# finally installed my lowering coil springs



## ahardb0dy (Nov 9, 2003)

Well after buying these like 3 years ago I finally installed them today, originally I was going to wait until I got new struts but since I couldn't afford to buy 4 new ones at this time and I got tired of seeing the coil spring box sitting up on a shelf in my shed I decided to put them in today. I don't know how much of a drop they were supposed to give but the front came down a decent amount, the rear looks about the same as with the stock springs. Also the front struts are black and have "Nissan" stamped in them so I think they are original, the rear struts are blue and seem like they are replacements, anyway here are some before and after pics:

Tires are 195/50/15's

Before:










After (before driving it, seems like it got lower after taking it for a drive):











Before:










After:


----------



## Conley (Aug 7, 2007)

Awesome, nice wheels. I was literally just looking around for some good springs, but I also have 195/50 15s on my 89, and was worried they would rub all kinds with lowering springs on. So seeing your post is random luck it seems, proof that they fit. What kinda drop did your springs have according to the manufacturer? And where'd ya get em?


----------



## ahardb0dy (Nov 9, 2003)

Thanks, just found info on the springs today, according to the manufacturer, Sprint Performance Suspension

they are advertised as 2" front and 2" rear, don't know if that company is still in business or not, I bought them like 3 years ago not sure from where at the moment I have the box outside and can look tomorrow but they were a pretty good deal think I got them for $109 delivered IIRC.


----------



## TOOQIKK (Jul 11, 2009)

yeah the springs will "settle" over the next couple days as they adjust to the weight of the car.....looks like a good drop!


----------



## bob89sentra (Sep 15, 2005)

I am usually skeptical of lowering springs, but these look pretty good, they seem to fit just right with the 195 50 15's you have on there.
Nice ride too!


----------



## ahardb0dy (Nov 9, 2003)

Thanks, now for today's bad news, was driving home and kept hearing a banging noise from the drivers rear, thought the strut had come loose or the coil, got home and pulled the tire and discovered the sway bar snapped right where the bar gets smaller to go thru the mount!! This sway bar was one I got from a Pulsar SE so now have 2 choices that I can think of, get another pulsar SE sway bar so I can use all the urethane bushings I already have, or replace the broken bar with the stock one but than I will have to get all new bushing as the stock one is smaller.
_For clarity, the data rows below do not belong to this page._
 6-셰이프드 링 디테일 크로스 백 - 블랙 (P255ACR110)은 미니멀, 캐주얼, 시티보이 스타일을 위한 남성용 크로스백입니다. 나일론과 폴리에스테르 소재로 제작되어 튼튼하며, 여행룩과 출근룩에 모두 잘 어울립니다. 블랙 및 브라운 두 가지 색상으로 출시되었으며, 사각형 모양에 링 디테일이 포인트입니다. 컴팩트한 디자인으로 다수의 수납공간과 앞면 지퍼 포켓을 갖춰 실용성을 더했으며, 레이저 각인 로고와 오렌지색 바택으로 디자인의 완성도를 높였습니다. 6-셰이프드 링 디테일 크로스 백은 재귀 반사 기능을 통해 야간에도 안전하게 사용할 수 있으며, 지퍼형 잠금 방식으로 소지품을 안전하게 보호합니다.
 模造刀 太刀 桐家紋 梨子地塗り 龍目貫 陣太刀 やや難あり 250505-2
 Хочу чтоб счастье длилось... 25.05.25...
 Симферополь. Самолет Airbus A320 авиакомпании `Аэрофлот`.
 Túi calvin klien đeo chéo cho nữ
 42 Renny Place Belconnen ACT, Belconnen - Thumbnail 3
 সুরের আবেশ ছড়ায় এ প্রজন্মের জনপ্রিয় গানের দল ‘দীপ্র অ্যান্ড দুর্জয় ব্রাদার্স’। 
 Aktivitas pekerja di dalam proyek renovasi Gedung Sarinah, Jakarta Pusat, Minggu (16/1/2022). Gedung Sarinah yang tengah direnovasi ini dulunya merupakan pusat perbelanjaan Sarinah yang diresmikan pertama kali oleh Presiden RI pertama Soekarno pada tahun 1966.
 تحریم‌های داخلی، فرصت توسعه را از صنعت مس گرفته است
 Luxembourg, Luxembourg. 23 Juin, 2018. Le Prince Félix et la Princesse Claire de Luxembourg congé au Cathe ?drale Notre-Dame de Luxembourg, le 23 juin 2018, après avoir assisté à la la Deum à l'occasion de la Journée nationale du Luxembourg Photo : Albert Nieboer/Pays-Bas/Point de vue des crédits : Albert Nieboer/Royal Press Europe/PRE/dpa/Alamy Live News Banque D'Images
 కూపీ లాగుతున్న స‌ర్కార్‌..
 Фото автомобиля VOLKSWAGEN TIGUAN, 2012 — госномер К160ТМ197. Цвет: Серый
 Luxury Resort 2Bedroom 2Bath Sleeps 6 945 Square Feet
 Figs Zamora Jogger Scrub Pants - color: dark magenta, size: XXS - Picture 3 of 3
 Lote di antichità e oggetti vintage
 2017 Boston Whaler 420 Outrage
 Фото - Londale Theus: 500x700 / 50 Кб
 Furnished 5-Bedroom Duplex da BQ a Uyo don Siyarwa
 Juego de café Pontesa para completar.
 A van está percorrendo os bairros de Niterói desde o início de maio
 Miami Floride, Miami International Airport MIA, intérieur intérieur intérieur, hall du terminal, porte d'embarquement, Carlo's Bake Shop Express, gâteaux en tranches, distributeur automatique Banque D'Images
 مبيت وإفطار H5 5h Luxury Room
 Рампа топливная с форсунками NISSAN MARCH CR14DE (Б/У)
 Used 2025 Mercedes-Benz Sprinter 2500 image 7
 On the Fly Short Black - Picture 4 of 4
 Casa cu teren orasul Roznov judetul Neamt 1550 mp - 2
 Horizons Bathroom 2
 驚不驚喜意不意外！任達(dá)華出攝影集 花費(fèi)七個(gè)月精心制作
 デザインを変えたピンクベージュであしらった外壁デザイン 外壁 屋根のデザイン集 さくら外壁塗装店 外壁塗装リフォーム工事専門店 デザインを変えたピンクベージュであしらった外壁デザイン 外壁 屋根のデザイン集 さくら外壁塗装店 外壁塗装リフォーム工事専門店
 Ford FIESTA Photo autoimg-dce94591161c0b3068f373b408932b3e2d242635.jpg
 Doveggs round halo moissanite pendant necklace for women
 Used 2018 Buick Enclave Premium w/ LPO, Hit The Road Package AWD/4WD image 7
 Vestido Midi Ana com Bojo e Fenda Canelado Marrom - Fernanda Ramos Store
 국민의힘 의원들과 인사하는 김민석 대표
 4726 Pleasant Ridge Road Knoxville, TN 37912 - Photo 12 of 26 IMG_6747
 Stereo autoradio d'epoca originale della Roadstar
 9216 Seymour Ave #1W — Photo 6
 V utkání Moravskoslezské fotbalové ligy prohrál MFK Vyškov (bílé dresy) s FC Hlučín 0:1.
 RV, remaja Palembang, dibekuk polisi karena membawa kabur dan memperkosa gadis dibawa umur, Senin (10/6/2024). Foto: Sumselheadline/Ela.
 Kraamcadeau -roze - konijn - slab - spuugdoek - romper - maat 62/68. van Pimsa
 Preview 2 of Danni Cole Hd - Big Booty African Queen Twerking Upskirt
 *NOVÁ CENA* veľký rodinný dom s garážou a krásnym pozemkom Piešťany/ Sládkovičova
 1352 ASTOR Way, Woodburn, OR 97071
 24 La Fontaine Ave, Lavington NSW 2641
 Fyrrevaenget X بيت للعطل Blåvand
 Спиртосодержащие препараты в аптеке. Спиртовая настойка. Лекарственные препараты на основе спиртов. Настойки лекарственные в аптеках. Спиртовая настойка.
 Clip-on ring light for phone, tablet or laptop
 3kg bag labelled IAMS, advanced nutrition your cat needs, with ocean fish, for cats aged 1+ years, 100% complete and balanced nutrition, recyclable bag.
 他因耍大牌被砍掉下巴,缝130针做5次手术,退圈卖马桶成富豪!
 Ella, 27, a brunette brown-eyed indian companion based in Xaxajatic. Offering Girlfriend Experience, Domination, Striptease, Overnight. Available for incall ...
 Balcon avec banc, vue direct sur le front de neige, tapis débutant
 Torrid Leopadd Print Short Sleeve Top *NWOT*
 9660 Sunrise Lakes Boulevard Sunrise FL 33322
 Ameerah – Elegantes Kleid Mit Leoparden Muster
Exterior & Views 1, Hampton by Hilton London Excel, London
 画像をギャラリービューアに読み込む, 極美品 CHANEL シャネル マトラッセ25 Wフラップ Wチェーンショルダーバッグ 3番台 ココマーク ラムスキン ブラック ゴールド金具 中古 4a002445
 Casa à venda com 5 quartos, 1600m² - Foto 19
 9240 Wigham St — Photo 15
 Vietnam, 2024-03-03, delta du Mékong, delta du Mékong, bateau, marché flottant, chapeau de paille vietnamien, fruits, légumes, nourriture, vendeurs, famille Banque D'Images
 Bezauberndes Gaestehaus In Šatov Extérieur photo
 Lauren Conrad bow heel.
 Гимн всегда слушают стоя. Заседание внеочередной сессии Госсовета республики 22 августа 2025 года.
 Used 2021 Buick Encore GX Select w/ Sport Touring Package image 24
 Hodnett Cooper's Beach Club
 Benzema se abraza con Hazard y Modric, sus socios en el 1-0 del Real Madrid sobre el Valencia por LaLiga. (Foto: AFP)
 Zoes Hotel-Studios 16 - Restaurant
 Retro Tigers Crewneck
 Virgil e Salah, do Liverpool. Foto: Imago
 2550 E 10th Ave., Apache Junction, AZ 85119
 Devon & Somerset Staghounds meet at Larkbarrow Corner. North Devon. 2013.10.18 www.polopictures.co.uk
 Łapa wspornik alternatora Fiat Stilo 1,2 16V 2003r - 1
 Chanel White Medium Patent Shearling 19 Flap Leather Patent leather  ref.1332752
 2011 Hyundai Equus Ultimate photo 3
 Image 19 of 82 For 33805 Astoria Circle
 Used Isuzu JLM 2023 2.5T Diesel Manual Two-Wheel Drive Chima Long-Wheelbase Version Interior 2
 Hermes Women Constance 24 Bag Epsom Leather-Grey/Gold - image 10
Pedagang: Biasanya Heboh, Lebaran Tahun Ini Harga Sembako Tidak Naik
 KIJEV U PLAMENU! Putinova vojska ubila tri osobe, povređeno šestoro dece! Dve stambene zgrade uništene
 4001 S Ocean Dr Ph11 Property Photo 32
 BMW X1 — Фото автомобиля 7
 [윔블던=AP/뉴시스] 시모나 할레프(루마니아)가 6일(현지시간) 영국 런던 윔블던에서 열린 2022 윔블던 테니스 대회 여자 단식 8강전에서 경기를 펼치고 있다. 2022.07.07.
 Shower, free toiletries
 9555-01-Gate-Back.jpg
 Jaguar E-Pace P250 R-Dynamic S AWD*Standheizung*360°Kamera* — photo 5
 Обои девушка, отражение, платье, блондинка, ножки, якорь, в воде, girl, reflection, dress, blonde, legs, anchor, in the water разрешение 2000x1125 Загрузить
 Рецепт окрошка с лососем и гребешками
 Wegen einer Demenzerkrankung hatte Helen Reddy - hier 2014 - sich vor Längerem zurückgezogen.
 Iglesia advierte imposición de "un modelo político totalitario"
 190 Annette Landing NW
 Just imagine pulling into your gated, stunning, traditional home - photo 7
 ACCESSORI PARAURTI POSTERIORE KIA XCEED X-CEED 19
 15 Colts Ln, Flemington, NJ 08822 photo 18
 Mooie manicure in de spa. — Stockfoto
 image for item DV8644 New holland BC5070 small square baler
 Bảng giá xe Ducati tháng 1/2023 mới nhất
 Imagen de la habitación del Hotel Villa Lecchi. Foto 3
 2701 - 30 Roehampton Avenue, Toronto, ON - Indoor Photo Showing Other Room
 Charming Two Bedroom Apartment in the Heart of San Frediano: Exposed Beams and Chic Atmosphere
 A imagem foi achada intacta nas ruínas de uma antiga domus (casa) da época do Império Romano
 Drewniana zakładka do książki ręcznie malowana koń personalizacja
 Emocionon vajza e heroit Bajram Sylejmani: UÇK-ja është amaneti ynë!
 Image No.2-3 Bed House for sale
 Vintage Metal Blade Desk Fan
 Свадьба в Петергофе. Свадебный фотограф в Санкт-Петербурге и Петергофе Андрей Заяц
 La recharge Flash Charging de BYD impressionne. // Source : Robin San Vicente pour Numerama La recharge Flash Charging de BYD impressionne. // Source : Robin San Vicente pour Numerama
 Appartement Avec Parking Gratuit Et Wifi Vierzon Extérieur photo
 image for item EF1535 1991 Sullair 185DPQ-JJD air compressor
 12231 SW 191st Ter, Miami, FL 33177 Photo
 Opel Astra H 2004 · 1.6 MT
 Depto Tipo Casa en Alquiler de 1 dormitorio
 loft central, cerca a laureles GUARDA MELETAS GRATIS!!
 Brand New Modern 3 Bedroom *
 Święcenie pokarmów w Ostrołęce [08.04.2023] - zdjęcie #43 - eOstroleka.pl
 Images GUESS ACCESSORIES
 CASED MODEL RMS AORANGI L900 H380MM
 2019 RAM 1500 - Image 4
No idea if the stiffer springs cause the bar to break or if it was due to the struts being worn, who knows


does the rear sway bar assist in locating the tire working with the 2 links that bolt to the chassis? I noticed I have play where the arms mount to the chassis if I pry the spindle forward but not so much prying it towards the rear, I have never replaced the lower arm's bushings,

What do you all think??


----------



## ahardb0dy (Nov 9, 2003)

did some checking using the Nissan FAST program and it seems everything is the same between the stock sentra rear sway bar and the pulsar SE rear bar EXCEPT for the front frame mount bushings (although one web site lists the same TRW part number for both cars??) so I guess if I can get those front bushings from some where I can put the stock sway bar back on until I can find another pulsar SE bar.


----------



## ahardb0dy (Nov 9, 2003)




----------



## bob89sentra (Sep 15, 2005)

By the way the part broke, you can see that over half the area where it was supposed to be connected is rusted over. That means that it was at least half broken off for quite some time, and it is not likely that your new coils caused the failure. The new coils could have contributed to the failure because of different angles of stress on the bar, but I think a new SE bar, or even the old stock bar would be just fine.


----------



## ahardb0dy (Nov 9, 2003)

I noticed that also that the bar looks like it only had that small area holding it together, hopefully I'll be able to hold the broken end with something in order to get the nut off, junkyard trip Saturday I think !!


----------



## ahardb0dy (Nov 9, 2003)

Today, removed the pulsar sway bar and was able to get the nut off the broken end using my impact gun and holding the broke end with a small pipe wrench,got the stock sway bar installed but have to go to the junkyard to either find another pulsar sway bar or a pair of stock bushings, none of the auto part stores here have the bushings,


----------



## ahardb0dy (Nov 9, 2003)

Went to junkyard today, got a pair of bushings off of a 4 door sentra, they looked brand new!! $1.50 each, also some very good scores for my 94 pathfinder, finally found the sunroof shade and a working drivers side power window switch!! Total for the day $10.15 (window switch was a freebie, had it hidden in my toolbox and at 5 minutes to closing no one was interested in my toolbox, !!! LOL), no Pulsar's, had a choice between 2 junkyards, one has an inventory online and showed one 88 Sentra the other junkyard I took a chance on and scored big time!!


----------



## TOOQIKK (Jul 11, 2009)

ouch thats a nasty break! gotta love freebies from the bone yards!!
i need to make a trip to our local one here very soon....


----------



## ahardb0dy (Nov 9, 2003)

I need to hit the junkyard every weekend, pathfinder still needs some parts, Want to look for struts for the sentra too, it's kind of bouncy right now, LOL

Have to look at raising the exhaust on the sentra up a little the cat converter is hitting speed bumps!!


----------



## fairlanephantom (Feb 3, 2010)

The 15s look good, I was considering doing the same because the stock tires have so much sidewall. But I'll be doing white wall on mine.


----------



## Crazy-Mart (Jul 14, 2002)

nice job on the lowering and the repair... thats one nasty place i really dont like to be working on ... old sway bars like those tends to break or just wont go loose at all !!.


----------



## ahardb0dy (Nov 9, 2003)

Thanks, just need new front struts now, it's kind of bouncy. I replaced the broke sway bar with the factory one by myself as my buddy who normally helps me wasn't available, just had to remove on exhaust hanger to get the sway bar in position


----------